As redes sociais se tornaram vitrines pessoais e profissionais. Elas ampliam vozes, aproximam pessoas e democratizam a produção de conteúdo. Porém, também criaram uma falsa sensação de permanência. Muitos acreditam que reputação é quantidade de seguidores, curtidas ou alcance. Mas a reputação de verdade não vive apenas em algoritmos. Ela é construída em credibilidade, coerência e confiança ao longo do tempo.
A informação sempre existiu. O que mudou foi a forma como ela chega até nós. Antes, esperávamos o jornal da manhã, o rádio ou o telejornal da noite. Hoje, tudo acontece em tempo real. A velocidade da informação aumentou, mas isso não significa que toda informação tenha valor. Pelo contrário: quanto maior o excesso de conteúdo, maior a necessidade de fontes confiáveis.

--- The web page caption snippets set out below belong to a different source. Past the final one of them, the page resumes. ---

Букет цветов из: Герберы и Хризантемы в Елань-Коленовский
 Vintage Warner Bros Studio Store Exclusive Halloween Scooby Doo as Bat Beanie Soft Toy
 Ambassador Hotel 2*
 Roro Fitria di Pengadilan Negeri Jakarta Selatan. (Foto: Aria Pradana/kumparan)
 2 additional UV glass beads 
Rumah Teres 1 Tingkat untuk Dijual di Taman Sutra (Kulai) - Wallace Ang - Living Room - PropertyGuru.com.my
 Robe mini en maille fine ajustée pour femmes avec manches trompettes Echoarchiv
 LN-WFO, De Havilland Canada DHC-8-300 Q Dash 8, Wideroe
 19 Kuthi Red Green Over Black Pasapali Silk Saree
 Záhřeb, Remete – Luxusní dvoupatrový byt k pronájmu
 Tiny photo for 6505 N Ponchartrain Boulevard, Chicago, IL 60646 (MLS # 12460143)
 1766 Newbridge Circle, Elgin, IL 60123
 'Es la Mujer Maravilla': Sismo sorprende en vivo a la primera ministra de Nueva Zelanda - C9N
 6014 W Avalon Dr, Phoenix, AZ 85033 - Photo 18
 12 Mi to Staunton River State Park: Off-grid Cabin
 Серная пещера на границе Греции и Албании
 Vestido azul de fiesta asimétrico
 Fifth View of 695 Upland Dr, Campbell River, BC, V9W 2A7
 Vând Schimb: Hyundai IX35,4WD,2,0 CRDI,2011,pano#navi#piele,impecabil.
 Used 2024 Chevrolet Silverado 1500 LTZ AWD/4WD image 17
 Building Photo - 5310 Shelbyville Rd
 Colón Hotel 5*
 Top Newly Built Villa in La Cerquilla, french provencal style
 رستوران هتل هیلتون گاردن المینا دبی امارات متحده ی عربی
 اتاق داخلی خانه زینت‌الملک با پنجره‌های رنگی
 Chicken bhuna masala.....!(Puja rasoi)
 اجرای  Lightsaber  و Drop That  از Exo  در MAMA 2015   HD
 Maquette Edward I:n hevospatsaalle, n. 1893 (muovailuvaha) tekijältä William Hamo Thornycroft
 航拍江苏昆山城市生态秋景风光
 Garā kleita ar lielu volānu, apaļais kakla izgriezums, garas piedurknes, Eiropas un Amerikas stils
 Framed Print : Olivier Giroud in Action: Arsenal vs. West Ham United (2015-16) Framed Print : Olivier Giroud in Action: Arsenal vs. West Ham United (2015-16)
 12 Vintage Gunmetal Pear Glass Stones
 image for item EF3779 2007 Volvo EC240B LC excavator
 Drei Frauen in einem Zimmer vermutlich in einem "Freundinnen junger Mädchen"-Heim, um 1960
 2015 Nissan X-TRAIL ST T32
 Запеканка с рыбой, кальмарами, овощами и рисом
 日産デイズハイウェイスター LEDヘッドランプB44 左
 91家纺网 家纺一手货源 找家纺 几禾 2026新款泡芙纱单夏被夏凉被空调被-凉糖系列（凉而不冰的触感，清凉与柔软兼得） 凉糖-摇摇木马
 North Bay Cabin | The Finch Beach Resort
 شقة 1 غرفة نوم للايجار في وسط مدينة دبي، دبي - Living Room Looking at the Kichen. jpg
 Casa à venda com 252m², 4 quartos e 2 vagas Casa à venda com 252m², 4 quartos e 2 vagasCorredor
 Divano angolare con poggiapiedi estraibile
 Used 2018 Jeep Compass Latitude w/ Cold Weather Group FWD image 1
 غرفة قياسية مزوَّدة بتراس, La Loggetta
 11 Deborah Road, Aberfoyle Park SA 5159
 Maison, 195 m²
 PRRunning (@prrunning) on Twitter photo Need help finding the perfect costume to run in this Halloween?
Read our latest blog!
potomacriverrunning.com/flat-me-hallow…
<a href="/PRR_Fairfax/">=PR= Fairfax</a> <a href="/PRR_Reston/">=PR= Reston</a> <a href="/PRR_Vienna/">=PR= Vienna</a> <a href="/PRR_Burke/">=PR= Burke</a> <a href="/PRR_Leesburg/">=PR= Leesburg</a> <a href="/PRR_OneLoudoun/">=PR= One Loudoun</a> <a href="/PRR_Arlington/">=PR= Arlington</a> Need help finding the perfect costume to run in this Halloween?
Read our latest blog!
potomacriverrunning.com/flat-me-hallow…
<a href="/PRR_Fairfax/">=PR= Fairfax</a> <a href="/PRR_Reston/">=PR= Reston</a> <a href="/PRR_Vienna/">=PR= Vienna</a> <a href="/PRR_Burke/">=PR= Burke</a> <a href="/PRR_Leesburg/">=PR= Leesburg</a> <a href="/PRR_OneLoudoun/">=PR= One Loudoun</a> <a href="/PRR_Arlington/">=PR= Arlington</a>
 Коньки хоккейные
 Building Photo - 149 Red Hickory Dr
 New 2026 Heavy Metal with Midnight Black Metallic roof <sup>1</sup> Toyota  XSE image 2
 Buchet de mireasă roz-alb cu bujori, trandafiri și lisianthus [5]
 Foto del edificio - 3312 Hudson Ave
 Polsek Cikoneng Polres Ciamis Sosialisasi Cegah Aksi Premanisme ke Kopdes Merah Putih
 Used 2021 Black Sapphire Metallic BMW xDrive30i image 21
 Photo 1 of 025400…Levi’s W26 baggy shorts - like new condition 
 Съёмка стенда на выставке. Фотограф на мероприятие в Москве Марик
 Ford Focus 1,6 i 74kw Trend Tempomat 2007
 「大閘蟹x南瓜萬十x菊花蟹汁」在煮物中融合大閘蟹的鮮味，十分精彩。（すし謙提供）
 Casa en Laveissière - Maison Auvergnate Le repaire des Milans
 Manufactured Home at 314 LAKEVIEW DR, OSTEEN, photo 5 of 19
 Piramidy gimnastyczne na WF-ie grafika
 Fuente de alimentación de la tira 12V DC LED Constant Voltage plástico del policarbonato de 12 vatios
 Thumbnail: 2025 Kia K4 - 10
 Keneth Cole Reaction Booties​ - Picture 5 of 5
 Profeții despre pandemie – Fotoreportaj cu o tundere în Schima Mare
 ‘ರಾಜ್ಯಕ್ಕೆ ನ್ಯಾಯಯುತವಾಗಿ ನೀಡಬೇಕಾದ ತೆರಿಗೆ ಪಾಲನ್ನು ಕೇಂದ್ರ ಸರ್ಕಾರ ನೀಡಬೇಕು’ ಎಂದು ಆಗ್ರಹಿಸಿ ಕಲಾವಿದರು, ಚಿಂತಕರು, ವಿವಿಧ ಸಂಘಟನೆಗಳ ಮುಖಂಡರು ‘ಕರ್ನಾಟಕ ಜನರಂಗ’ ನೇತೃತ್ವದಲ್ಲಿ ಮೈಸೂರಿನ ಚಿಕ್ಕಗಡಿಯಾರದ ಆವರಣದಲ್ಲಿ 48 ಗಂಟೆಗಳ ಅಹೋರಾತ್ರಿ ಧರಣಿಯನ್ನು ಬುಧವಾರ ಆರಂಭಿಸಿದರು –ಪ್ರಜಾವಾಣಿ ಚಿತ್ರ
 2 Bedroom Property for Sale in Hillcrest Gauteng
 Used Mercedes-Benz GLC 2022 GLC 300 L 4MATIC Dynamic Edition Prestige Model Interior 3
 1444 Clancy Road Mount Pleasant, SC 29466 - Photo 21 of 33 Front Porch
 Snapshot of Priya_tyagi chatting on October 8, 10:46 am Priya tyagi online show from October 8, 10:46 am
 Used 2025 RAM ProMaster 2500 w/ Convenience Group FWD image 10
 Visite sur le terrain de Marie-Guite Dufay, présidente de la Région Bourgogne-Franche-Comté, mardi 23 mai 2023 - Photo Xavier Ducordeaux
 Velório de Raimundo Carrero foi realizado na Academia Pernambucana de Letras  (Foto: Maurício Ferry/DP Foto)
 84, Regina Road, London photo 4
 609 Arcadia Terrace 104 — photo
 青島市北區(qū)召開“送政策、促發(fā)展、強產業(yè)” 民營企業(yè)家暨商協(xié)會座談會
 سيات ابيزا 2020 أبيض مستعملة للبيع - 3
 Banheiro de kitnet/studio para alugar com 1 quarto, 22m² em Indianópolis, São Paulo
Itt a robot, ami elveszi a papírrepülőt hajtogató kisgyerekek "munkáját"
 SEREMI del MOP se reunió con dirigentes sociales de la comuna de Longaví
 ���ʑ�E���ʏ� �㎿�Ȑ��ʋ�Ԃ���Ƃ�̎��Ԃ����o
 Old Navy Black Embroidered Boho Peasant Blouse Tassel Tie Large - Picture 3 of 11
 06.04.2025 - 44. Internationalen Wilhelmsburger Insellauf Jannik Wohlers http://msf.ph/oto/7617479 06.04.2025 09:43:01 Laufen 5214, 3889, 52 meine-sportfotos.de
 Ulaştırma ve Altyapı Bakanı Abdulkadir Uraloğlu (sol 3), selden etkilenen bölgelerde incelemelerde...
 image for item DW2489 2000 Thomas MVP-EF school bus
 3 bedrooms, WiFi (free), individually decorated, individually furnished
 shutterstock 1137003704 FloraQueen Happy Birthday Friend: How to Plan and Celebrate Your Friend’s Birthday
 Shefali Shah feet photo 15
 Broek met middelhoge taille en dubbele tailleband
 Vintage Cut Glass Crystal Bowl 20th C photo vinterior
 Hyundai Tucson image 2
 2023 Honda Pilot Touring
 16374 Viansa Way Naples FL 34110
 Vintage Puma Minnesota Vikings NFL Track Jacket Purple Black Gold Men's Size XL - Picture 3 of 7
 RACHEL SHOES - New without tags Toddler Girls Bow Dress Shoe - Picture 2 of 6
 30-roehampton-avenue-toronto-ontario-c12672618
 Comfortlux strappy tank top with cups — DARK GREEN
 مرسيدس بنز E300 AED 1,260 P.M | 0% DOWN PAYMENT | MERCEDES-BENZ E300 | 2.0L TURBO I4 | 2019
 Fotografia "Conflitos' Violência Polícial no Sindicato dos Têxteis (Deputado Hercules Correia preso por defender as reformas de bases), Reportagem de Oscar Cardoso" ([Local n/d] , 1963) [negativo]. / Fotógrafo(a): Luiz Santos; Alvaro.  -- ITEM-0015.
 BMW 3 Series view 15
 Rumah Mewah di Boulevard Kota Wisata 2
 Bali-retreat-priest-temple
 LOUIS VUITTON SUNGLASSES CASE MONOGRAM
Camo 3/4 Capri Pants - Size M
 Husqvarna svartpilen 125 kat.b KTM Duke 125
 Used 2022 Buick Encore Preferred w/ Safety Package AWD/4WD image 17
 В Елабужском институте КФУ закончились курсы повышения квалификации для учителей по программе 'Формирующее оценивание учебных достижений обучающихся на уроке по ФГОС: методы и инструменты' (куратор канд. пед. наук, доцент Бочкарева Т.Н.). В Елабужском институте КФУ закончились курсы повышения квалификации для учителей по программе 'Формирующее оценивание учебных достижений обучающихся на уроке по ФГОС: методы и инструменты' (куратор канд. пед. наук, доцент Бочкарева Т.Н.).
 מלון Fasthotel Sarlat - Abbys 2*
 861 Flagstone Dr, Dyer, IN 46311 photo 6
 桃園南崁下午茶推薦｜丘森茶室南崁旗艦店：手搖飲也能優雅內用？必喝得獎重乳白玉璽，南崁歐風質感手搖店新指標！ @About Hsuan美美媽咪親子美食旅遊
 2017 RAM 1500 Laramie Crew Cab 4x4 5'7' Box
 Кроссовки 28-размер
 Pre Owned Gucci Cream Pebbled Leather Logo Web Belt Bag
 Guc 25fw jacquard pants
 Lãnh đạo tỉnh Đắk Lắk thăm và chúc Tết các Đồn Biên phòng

É exatamente por isso que os sites de mídia especializada e os grandes veículos de comunicação continuam sendo fundamentais. Eles possuem responsabilidade editorial, critérios de apuração e compromisso com a veracidade dos fatos. Em um cenário onde qualquer pessoa pode publicar qualquer coisa, a diferença está na credibilidade de quem informa.
A sociedade precisa de fontes seguras porque decisões importantes são tomadas a partir das notícias que consumimos. Um empresário investe, um cidadão vota, uma família se previne, um profissional constrói sua carreira, tudo influenciado pela qualidade das informações que recebe. Quando a notícia perde valor, a confiança coletiva também se enfraquece.
Da mesma forma, reputação não se constrói apenas com presença digital. Ela nasce daquilo que as pessoas dizem sobre você quando a internet está desligada. Está na sua trajetória, nas suas entregas, na ética com que conduz seus relacionamentos e na confiança que inspira. Redes sociais podem amplificar uma reputação, mas não sustentam uma reputação vazia.
No fim, seguidores podem desaparecer, plataformas podem acabar e algoritmos podem mudar da noite para o dia. O que permanece é a credibilidade. E a credibilidade, tanto no jornalismo quanto na vida, continua sendo um dos ativos mais valiosos do nosso tempo.